"Taking a new step, uttering a new word, is what people fear most."
Fyodor Dostoyevsky, Crime and Punishment
The last two posts I made to this blog were a long four months ago now. In January, I was reflecting deeply on the "barrenness of a busy life," trying to reconcile my need for a full and active life with my need for space, time, and quiet reflection. I've been in a years-long struggle to understand how to live in a way that better reflects what I value, and early this year came to a difficult conclusion that was probably well overdue: it was time to sell my interest in the business I co-founded over a decade ago, and pursue a new kind of work. This was no minor decision, and in fact has changed nearly every facet of my daily life -- including my life as a runner.
In my "real life," I'm a geriatric social worker, and have worked in elder care for over 15 years. In 2004, I started a private care management and in-home care business with a partner, and over the course of the next 10+ years, we grew it from a two-person start-up to a 50+ employee company that served hundreds of families in San Diego County. I loved creating Elder Care Guides, and poured every bit of myself into it. As a partner in a 24/7 crisis-oriented business, with employees who work long, hard, difficult hours, and need a lot of support, there was simply no way for me to truly "unplug." The days were long and very stressful, but I could happily give my life to it, because I loved it.

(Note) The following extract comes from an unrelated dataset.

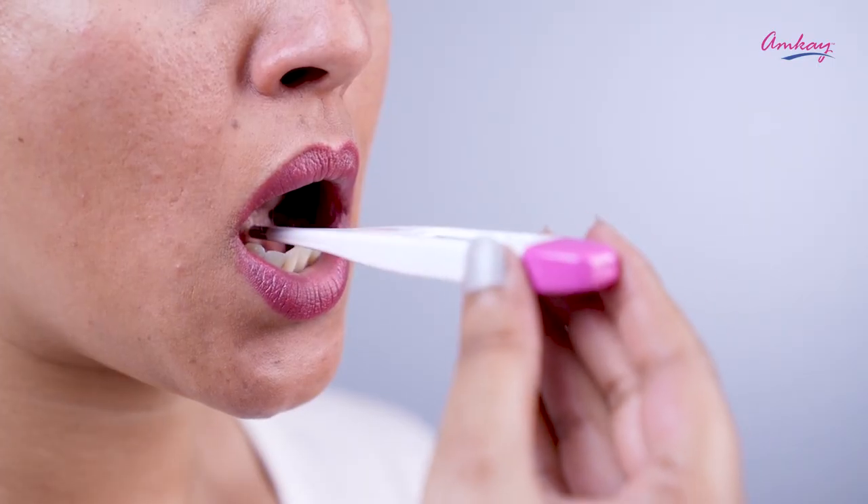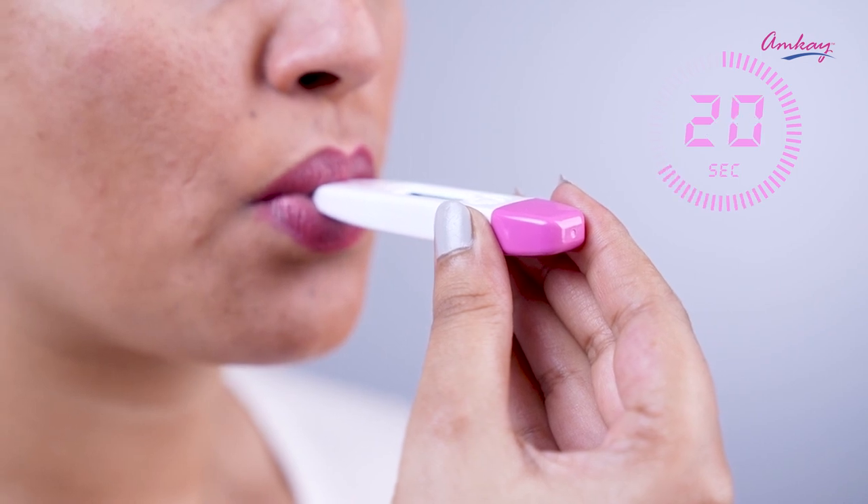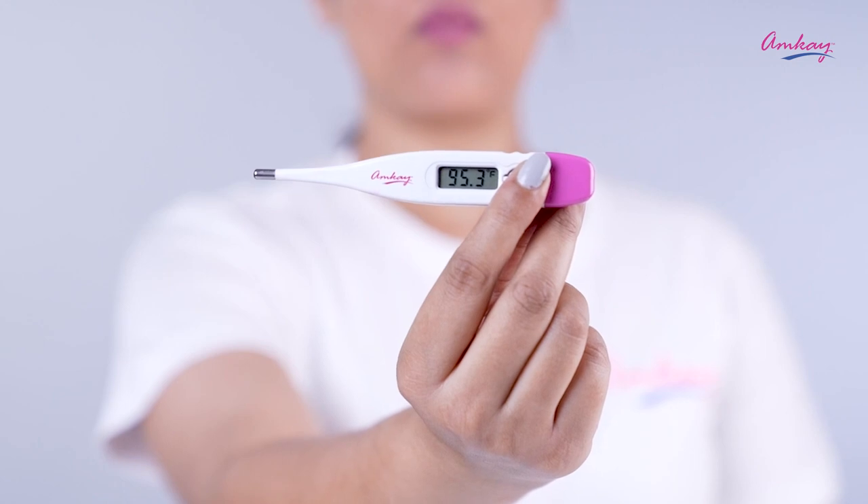Now let's see how to use this thermometer. First of all, press the power button to turn it on. Keep it in your mouth or under your arms for about one minute, read the temperature, and it's done.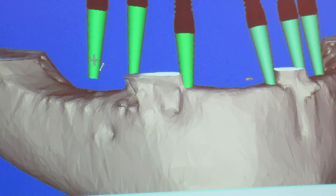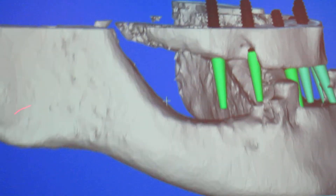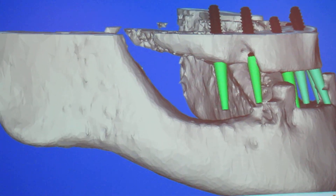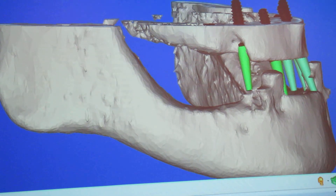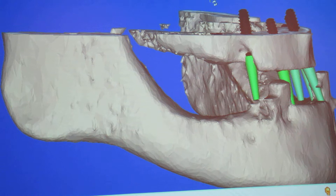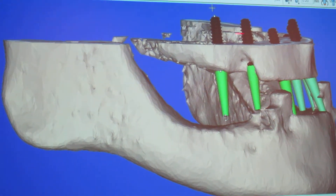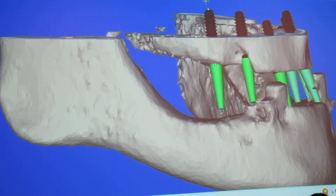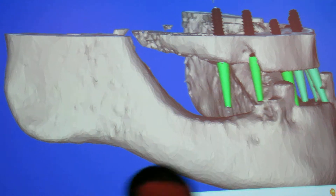We can go in and we can start to tweak the position of the implants. We'll rotate this a little bit towards the mesial so that it would be a little easier for the prosthetic components to go on.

And then one day I didn't. And I no longer could. A career in service to frail, disabled older adults is a key part of who I am, but it is not all that I am.
One of the unique characteristics of our company was the pride that we took in our ability to identify and cultivate strengths - in our employees, and in our clients. In the early years, I was working ridiculously hard, but was applying my unique strengths and talents. It fit. In the last few years, my role in the company had necessarily changed, and I found myself no longer working to my own strengths and interests. I love to acquire new information, communicate, teach, and connect. I love words, stories, and ideas, and need an environment that is constantly-changing. The company I created was very much like family, but I had grown up and no longer "fit" there, and had to move away. I needed work with a broader impact, and that made better use of my particular gifts. And I needed a life that didn't revolve around my work.
In February of this year, as I was beginning to drown under the weight of these difficult realizations, an opportunity to manage the education and outreach department of the local chapter of the Alzheimer's Association came my way, and I knew in a heartbeat that I was ready to make the leap. This is a non-profit organization whose mission I've long supported as an active volunteer, the work is a perfect fit with my individual strengths and interests, and the team I'd be joining was in an exciting time of growth and evolution. So after a brief moment of soul searching (my soul is under near-constant surveillance, so it didn't take long), my decision was made. I spent the next two months carefully unraveling myself from my beloved company, selling my interest to my long-time partners, and then integrating myself into an entirely new life.
So that's a long way of explaining: that's where I've been all this time! I'm learning to redefine myself, figuring out how I can do the most good in the world, and discovering that it isn't all through work. And it may sound silly and frivolous, but I believe I have other kinds of good to do in the world through running, too. Not necessarily by convincing other people that they should take up running (although let's face it -- I really love it when that happens). But through the better person that I am when I run - because distance running suits my unique strengths, interests, and gifts - I have more good to give.
Yesterday I ran the Famous Idaho Potato Marathon, in Boise, a race that's been on my "list" for many years, and for which I had just registered when I wrote my last post in January. (More on this subject later!) Because of the tumult and chaos in every other area of my life over the last few months, I didn't actually end up training for it, but I remained committed to running it, and turned it into a personal fundraiser for the Alzheimer's Association. In a sad and beautiful convergence of the universe's timing, I lost an old friend in April to young-onset Alzheimer's disease, and dedicated my race to her memory. So, training or no training, I wasn't going to miss it. Like the leaves on the gorgeous old trees that blanket the city of Boise, and the river that winds through it, I feel that change has swept through every part of me, and my purpose is renewed. I'm laced back up, and I'm all in, you guys. All in.